Python onnx_export.py shows error while trying to export model, please help

AnamikaPaul · January 6, 2022, 8:11pm

Namespace(batch_size=1, height=300, input=‘’, labels=‘labels.txt’, model_dir=‘models/drugs’, net=‘ssd-mobilenet’, output=‘’, width=300)
running on device cuda:0
found best checkpoint with loss 6.356691 (models/drugs/mb1-ssd-Epoch-0-Loss-6.356691091807921.pth)
creating network: ssd-mobilenet
num classes: 10
loading checkpoint: models/drugs/mb1-ssd-Epoch-0-Loss-6.356691091807921.pth
Traceback (most recent call last):
File “onnx_export.py”, line 86, in
net.load(args.input)
File “/jetson-inference/python/training/detection/ssd/vision/ssd/ssd.py”, line 135, in load
self.load_state_dict(torch.load(model, map_location=lambda storage, loc: storage))
File “/usr/local/lib/python3.6/dist-packages/torch/nn/modules/module.py”, line 1407, in load_state_dict
self.class.name, “\n\t”.join(error_msgs)))
RuntimeError: Error(s) in loading state_dict for SSD:
size mismatch for classification_headers.0.weight: copying a param with shape torch.Size([66, 512, 3, 3]) from checkpoint, the shape in current model is torch.Size([60, 512, 3, 3]).
size mismatch for classification_headers.0.bias: copying a param with shape torch.Size([66]) from checkpoint, the shape in current model is torch.Size([60]).
size mismatch for classification_headers.1.weight: copying a param with shape torch.Size([66, 1024, 3, 3]) from checkpoint, the shape in current model is torch.Size([60, 1024, 3, 3]).
size mismatch for classification_headers.1.bias: copying a param with shape torch.Size([66]) from checkpoint, the shape in current model is torch.Size([60]).
size mismatch for classification_headers.2.weight: copying a param with shape torch.Size([66, 512, 3, 3]) from checkpoint, the shape in current model is torch.Size([60, 512, 3, 3]).
size mismatch for classification_headers.2.bias: copying a param with shape torch.Size([66]) from checkpoint, the shape in current model is torch.Size([60]).
size mismatch for classification_headers.3.weight: copying a param with shape torch.Size([66, 256, 3, 3]) from checkpoint, the shape in current model is torch.Size([60, 256, 3, 3]).
size mismatch for classification_headers.3.bias: copying a param with shape torch.Size([66]) from checkpoint, the shape in current model is torch.Size([60]).
size mismatch for classification_headers.4.weight: copying a param with shape torch.Size([66, 256, 3, 3]) from checkpoint, the shape in current model is torch.Size([60, 256, 3, 3]).
size mismatch for classification_headers.4.bias: copying a param with shape torch.Size([66]) from checkpoint, the shape in current model is torch.Size([60]).
size mismatch for classification_headers.5.weight: copying a param with shape torch.Size([66, 256, 3, 3]) from checkpoint, the shape in current model is torch.Size([60, 256, 3, 3]).
size mismatch for classification_headers.5.bias: copying a param with shape torch.Size([66]) from checkpoint, the shape in current model is torch.Size([60]).

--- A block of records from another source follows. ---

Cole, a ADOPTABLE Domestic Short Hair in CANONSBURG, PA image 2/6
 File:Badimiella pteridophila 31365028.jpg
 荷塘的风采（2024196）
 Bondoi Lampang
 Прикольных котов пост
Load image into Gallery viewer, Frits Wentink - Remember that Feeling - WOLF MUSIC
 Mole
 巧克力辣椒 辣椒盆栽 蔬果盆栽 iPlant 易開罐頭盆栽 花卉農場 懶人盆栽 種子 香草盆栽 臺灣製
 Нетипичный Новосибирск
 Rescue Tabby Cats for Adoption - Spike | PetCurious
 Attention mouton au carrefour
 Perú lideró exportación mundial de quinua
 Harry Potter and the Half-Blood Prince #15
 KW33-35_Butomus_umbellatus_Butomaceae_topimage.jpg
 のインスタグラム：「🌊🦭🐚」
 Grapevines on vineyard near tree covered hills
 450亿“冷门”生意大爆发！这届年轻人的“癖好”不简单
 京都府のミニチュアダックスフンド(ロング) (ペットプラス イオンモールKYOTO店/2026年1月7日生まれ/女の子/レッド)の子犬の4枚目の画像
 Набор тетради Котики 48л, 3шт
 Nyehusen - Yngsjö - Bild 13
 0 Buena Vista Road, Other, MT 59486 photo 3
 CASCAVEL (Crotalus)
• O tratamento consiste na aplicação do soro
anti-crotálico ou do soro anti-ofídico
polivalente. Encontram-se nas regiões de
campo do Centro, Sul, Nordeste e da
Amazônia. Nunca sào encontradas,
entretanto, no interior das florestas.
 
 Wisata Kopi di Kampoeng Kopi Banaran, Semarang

dusty_nv · January 6, 2022, 8:19pm

Hi @AnamikaPaul, you may see this error when the number of classes in the labels file doesn’t match the number of classes that the model was trained with.

Can you use the --labels=models/drugs/labels.txt argument when running onnx_export.py?

AnamikaPaul · January 6, 2022, 8:22pm

Thanks for quick response , I tried, still shows the same error.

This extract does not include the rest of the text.